Teaching youth the art of stillness Mindful warrior programme
Mags Gargan visits the Sanctuary meditation and mindfulness centre, to learn about a programme helping struggling teens to find peace

“I’m bored.” Two words any parent dreads, whether your offspring is a young child or a teenager. However, according to Caitriona McColgan, young people need to sit in their own boredom for the world to become quiet enough so  that they can hear themselves in our over-stimulated society.

“The inability to sit with boredom I think is a huge thing for all of us, but for young people in particular,” Caitriona says. “They want instant gratification – that is the world they have been brought up in.”

“It is almost cliché now to talk about how stressful and fast paced it is,” agrees Bro. Richard Hendrick OFM Cap. “Particularly for young people who are being bombarded with this message that you must always be online and outward facing. I think all of us, young people and adults, can benefit from developing the reflective capacity within us and the prayer capacity within us – the capacity to reach the inner and the divine.

Contemplative

Caitriona and Bro. Richard are both course facilitators for the Mindful Warrior programme offered by the Sanctuary meditation and mindfulness centre in the heart of Dublin city. Founded by Sr Stan Kennedy to provide a reflective, contemplative place for people in the midst of our frantic busy world, the Sanctuary is the perfect setting for being still.

You feel the calm and welcoming atmosphere as soon as you walk in off Stanhope Street into the bright, colourful rooms looking into a circular garden, where people can attend a full day, evening or weekend course, or join the staff and Sanctuary dogs – Coco and Lynn – for a drop-in meditation in the Sacred Space every Monday and Wednesday.

“It is a tiny place but it is mighty in terms of what it does,” says Caitriona, who is programme manager here.

Since 1998, the Sanctuary has been developing a range of courses and workshops in the area of mindfulness and meditation, yoga and movement, creativity and well-being, with workshops from both a secular and spiritual perspective. In particular, it has developed a range of programmes working with young people and those who are at a vulnerable stage in their lives.

The Mindful Warrior programme was first developed 10 years ago by Bro. Richard and Niamh Bruce, who were both youth facilitators at the Sanctuary. “We had been working with schools in terms of bringing meditation, reflection and stillness practices to the classrooms,” Bro. Richard says. “While we were working with mainstream education we kept getting requests from schools working with students who were right on the edge of the school system. Those who were finding the journey to life integration or social integration difficult, who were in danger of leaving school, who had discipline problems, behaviour problems, family problems, etc.

“So the programme basically came out of that request for developing a spiritual, holistic programme that would enable young people to develop the reflective capacity necessary to make whole and positive choices in their own life.”

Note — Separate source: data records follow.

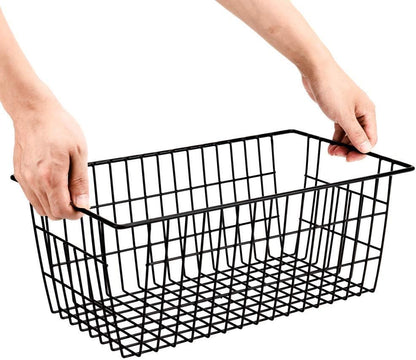 Freezer Baskets Wire Farmhouse Large Organizer Storage Bins Rack for Storage, Office, Bathroom, Pantry Organization with Handles-Set of 2, 15.7"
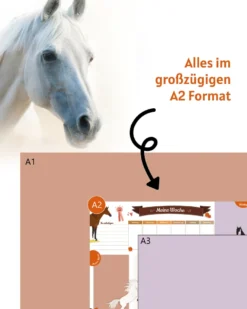 Pferde Schreibtischunterlage zum Abreißen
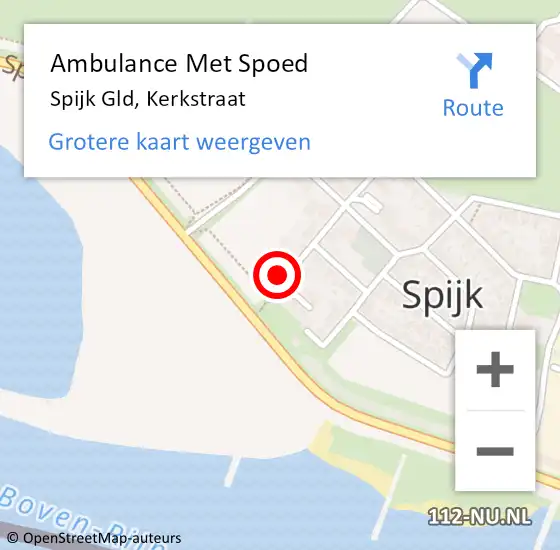 Locatie op kaart van de 112 melding: Ambulance Met Spoed Naar Spijk Gld, Kerkstraat op 20 maart 2017 13:18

The 10-week programme is built around an initiation framework linked to adolescent psychological development that includes: ways to experience moments of reflective stillness; traditional wisdom embodied in the ‘gentle warrior’ figure; mindfulness and movement practices; use of creative imagination; insights from psychology of adolescent development.

Maturity

It is particularly suited to young people from sixth class to second year, who are finding the journey to maturity and social integration challenging, as it helps with emotional self-regulation, resilience, choice-making, and growth in self-esteem and positive body image.

“The aim was to bring young people who were finding the road to maturity difficult, through a process where they had a mindful and meditative experience, and within that just one moment of stillness. To give them the capacity to move from disconnection to connection – within themselves and with each other and with their community and environment,” Caitriona says.

“This is about young people discovering within themselves that they have a capacity and tools for reflection, process and growth, and that they can knock on that door. We call it the inner sanctuary and it is one of the practices that we use throughout the training. We take them to this inner sanctuary and they know when they leave they have that fierce inner resilience and they can call on that. That it is a resource that they have in themselves. It is a beautiful thing when a young person realises that they can within themselves find a place of peace and stillness – it is like a eureka moment for them.”

Change

Bro. Richard says an extraordinary change takes place over the 10 weeks. “It is a change not just seen in how they encounter the material, but how they themselves describe the different experiences of the way they relate to disciple, family, education and even their aspirations for themselves begin to change,” he says.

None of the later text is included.